Publisted at 5:27 PM, Thu Jun 6th, 2024

The government has opted for a 15% reduction in the allocation for the Ministry of Power, Energy, and Mineral Resources in the proposed budget for FY-2425.

The allocated budget for this fiscal year stands at Tk30,317 crore, a decrease from Tk34,819 crore in the previous fiscal period.

Notably, the Power Division witnessed a significant cut of Tk 4,595 crore, while the Energy and Mineral Resources Division saw a slight increase of Tk 93 crore compared to its previous allocation.

Specifically, the allocation for the Power Division amounts to Tk29,230 crore, while the Energy Division receives Tk1,087 crore.

During the budget speech, Finance Minister Abul Hassan Mahmood Ali highlighted the growth in power generation capacity, which has risen from 4,942 MW in 2009 to 30,277 MW presently, inclusive of captive and renewable energy sources. He also noted ongoing construction efforts, with 27 power plants totaling 9,144 MW in capacity currently under development.

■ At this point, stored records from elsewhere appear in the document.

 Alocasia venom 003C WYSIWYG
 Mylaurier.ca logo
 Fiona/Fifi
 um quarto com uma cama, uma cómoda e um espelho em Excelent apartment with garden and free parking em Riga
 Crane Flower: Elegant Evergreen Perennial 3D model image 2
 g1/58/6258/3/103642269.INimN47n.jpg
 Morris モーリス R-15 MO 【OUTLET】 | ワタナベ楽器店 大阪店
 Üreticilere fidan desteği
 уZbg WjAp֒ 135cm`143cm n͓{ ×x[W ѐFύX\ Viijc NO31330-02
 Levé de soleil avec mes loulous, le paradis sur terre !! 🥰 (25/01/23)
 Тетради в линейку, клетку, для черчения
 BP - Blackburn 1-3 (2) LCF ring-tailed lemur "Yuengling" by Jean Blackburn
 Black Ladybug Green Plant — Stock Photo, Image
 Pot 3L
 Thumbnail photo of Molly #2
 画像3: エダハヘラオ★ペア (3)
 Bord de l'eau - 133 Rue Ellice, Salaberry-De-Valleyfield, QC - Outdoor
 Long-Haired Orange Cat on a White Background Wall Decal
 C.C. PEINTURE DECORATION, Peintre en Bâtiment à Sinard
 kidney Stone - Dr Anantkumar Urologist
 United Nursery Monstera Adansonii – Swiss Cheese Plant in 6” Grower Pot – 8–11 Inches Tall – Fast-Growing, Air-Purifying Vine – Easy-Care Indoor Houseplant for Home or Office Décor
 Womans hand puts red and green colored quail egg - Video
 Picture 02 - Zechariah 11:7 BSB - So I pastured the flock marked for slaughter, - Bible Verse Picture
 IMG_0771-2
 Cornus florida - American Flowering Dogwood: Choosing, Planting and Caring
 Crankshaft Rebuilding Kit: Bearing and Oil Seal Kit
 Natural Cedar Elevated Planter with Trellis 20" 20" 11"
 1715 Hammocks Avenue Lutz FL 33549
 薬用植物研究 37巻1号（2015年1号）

The finance ministry emphasized the government's commitment to prioritizing the power sector's development, focusing on enhancing generation, transmission, and distribution systems. With the achievement of universal electricity coverage already accomplished, plans are underway to increase power generation capacity to 40,000 MW by 2030 and 60,000 MW by 2041.

Additionally, the government proposed a special allocation of Tk 100 crore to promote renewable energy development and usage. Another Tk 100 crore was earmarked for research in the blue economy sector. Plans also include expanding power transmission lines to 24,000 circuit kilometers by modernizing the grid, an increase from the current 15,246 circuit kilometers.